Along with the publication of the new version of the controversial Identity Cards Bill yesterday, the Home Office also revealed some details of the UK Passport Office Biometric Trial.
The Home Office now seem to have censored their Press Release, which now no longer states right at the top:
"Please Note: There are currently no plans for further biometric trials."
Surely they should have issued a separate press release or statement about this, rather than just altering the original online version ?
The Press Release points vaguely to the UK Passport Service website for the Report and Management Summary documents about the Biometric Trial, which can now be found through links on this page.
Upon reading the reports, it swiftly becomes clear why the results of this UK Passport Office/Service Biometric Trial project, which after months of delay and massive initial technical problems finished in December 2004, seem to have been supressed during the debates on the Identity Cards Bill earlier this year, and during the General Election - Biometrics simply does not work swiftly or accurately enough for a massive National ID scheme involving a population of 60 million people.
How can an average Verification delay of between 40 seconds, for the best group and 80 seconds, for the worst performing group, even under ideal lighting conditions, be anywhere near to acceptable performance for a system which is intended for queues of hundreds of passengers at airport Passport Control ?
There were cases of Verification taking on average 10 minutes per person.
Anything that adds this amount of extra delay to the existing Passport Control procedures of forming a queue, fumbling with documents, having them examined etc. will bankrupt British Airports Authority and the airline and travel industries.
If Biometric checks are mostly not performed on British citizens and residents as they enter the UK, then what is the point of claiming that Biometric Passports are needed in the first place ?
The reported error rates are also astonishingly bad, ranging from 4% for iris scans to around 30% failure for facial recognition.
For a workable biometric system suitable for use by millions of people, the error rates have got to be orders of magnitude better than this i.e. fractions of a percent, otherwise there is no hope of ever catching any significant number of wanted terrorists or illegal immigrants, which is what the Government claims their complicated and costly ID cards/ Centralised Biometric Database / "e-borders" plans are meant to do.

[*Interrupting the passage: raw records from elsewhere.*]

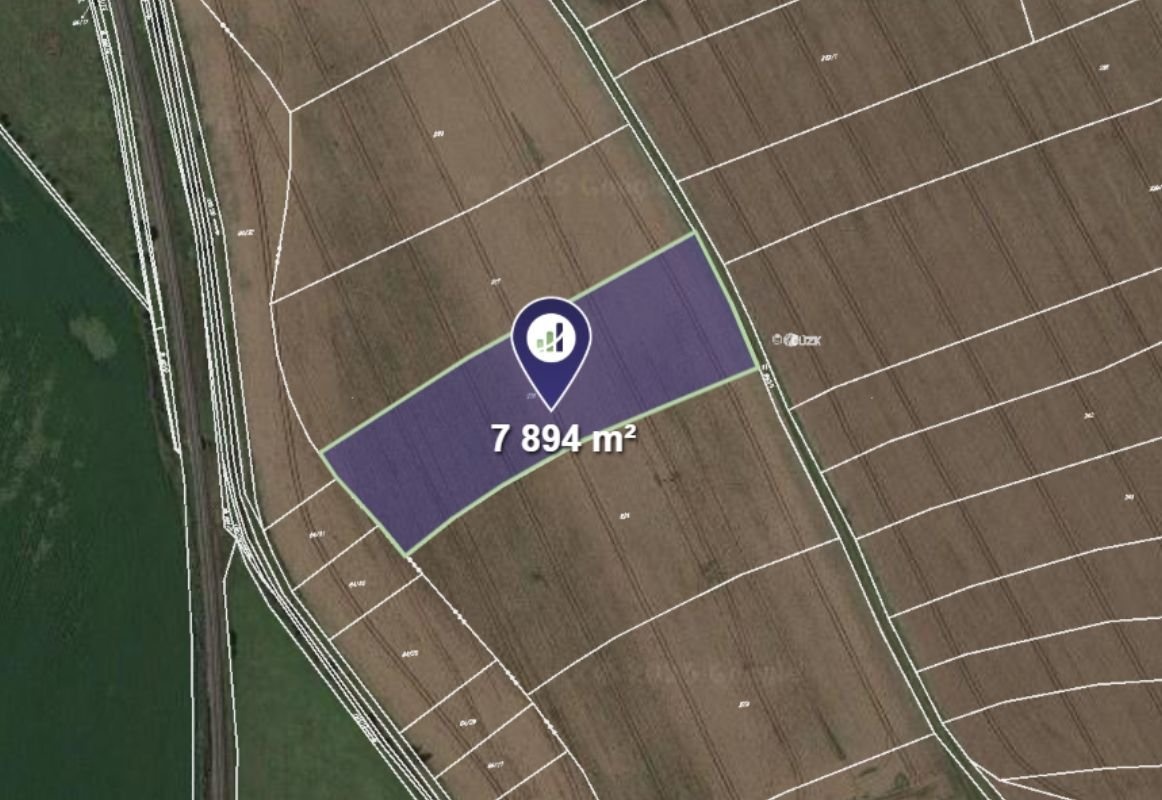 Prodej podílu 1/2 pole 16 402 m², Dobrovice - 3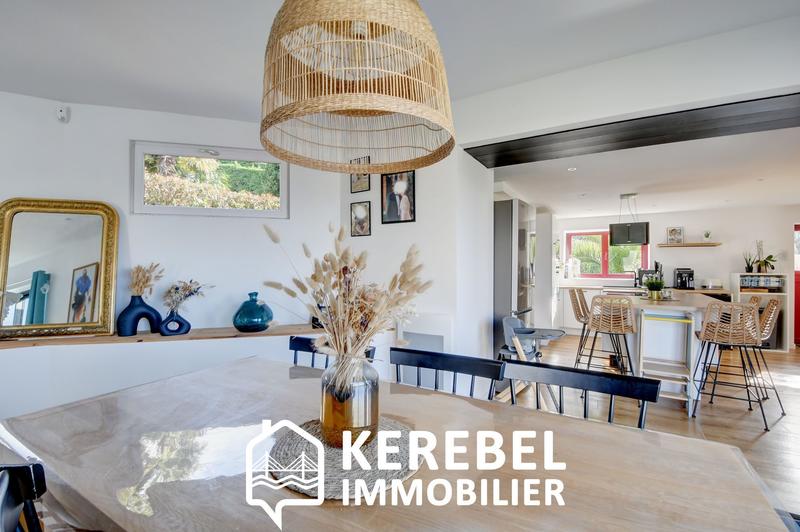 Maison - 99 m² - 5 pièces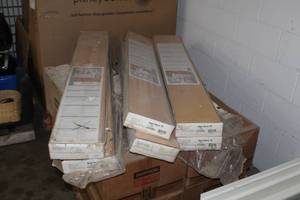 lot 205 image: Lot of (6 Boxes) Maple Natural 100 Glueless Hardwood Flooring 50-1116 x 7-916 x 516 Count-8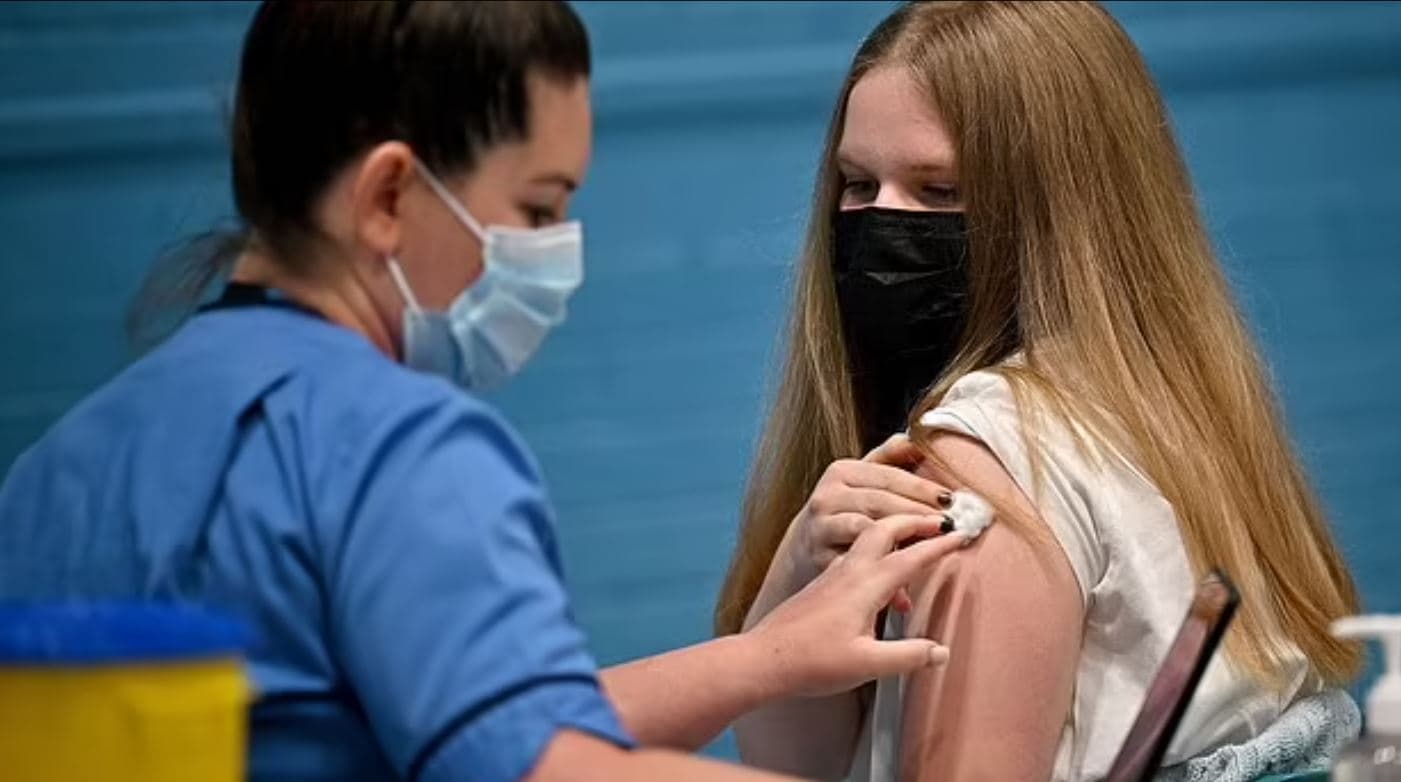 Vaksina anti-COVID e Modernës është po aq efektive tek adoleshentët sa te të rriturit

Neither of these biometrics are mandated for by the ICAO machine readable travel document standard, which simply states that a digitised photo stored in the passport, which can be manually compared on screen with your face by a human passport control official, with the option of an as yet undetermined number of fingerprints,
This Passport Office Biometric trial was originally inteded to test Biometrics with a view to creating a passport ID card acceptable for travel within the European Union. The terms of reference of this trial were only to test business processes and procedures during enrolment and registration onto such a system. It specifically was not budgeted to test any of the large scale infrastructure preformance problems or to conduct any kind of security penetration testing to see how vulnerable the system is to various Biometric Identifier snarfing, interception, cloning , replay, network infrastructure compromise, database compromise and Denial of Service etc attacks which both a Passport and an National ID system have to be able to withstand with ease.

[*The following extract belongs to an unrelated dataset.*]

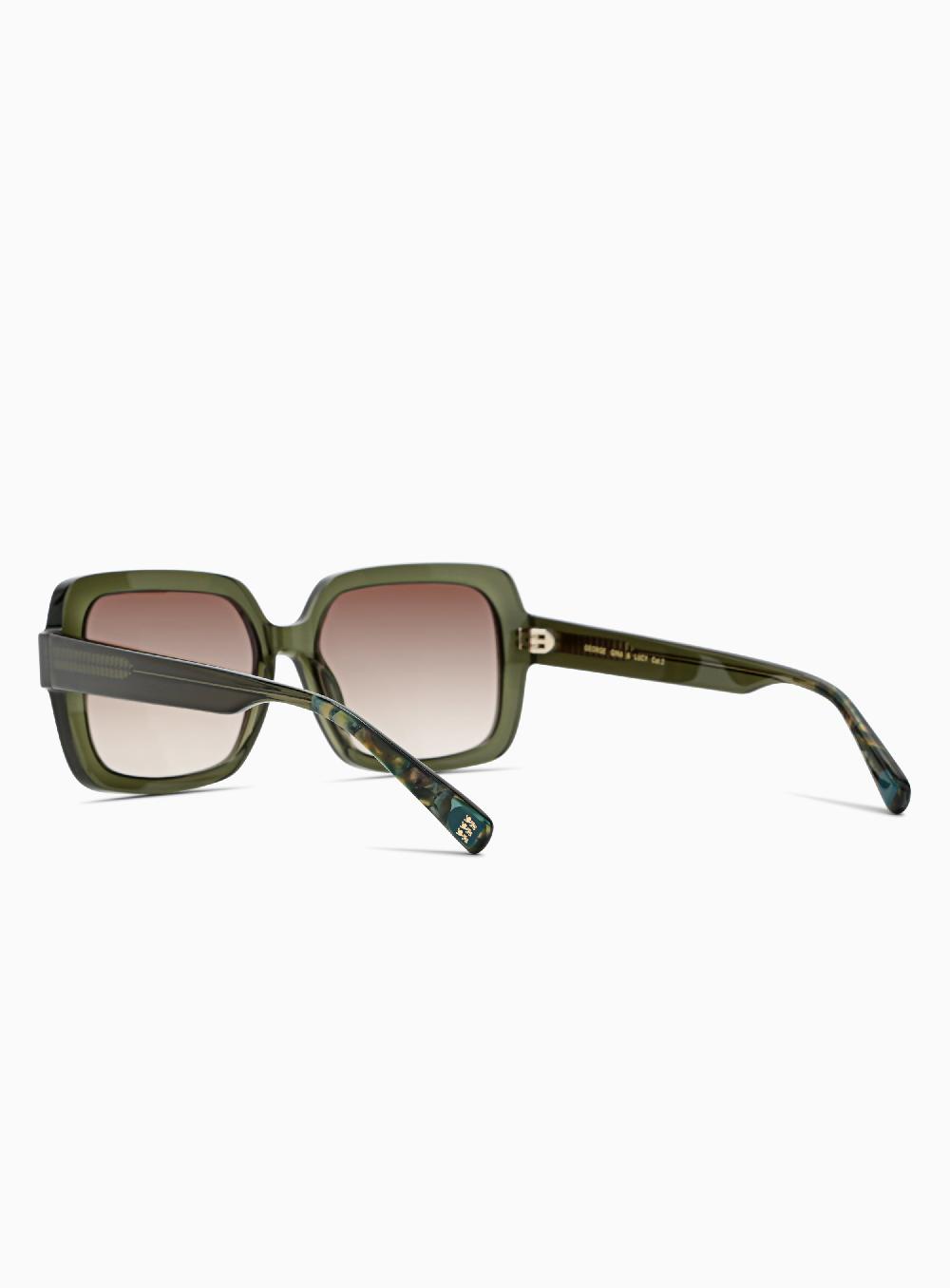 George Gina & Lucy Foreseyeght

It is true, therefore that the results from the particular hardware and software used in this trial are not necessarily a reflection of the performance that may be achievable in the future.
However, there is no question that this snapshot of the current state of the biometric techhnology art is simply not up to the job being asked of it.
Unless the Home Office repeats this Biometric Trial, every few months, into the future , until acceptable levels of accuracy and speed of throughput are regularly achievable with commercial off the shelf equipment, then Yet Another Government IT Disaster looms
for Biometric Passports, let alone for the wider use of such technology, under more adverse and varied conditions, for a National ID card scheme.
However, it would appear that the NuLabour governnment plans to press on regardless, and that the politicians and spin doctors still cling to the absurd notion that somehow biometric technology is an unforgeable magic fix to the ever changing list of social problems (this week it seems to "Identity theft", during the General Election campaign less than a month ago it was "terrorism") that the ID cards scheme is alleged to be a cost effective soltion to.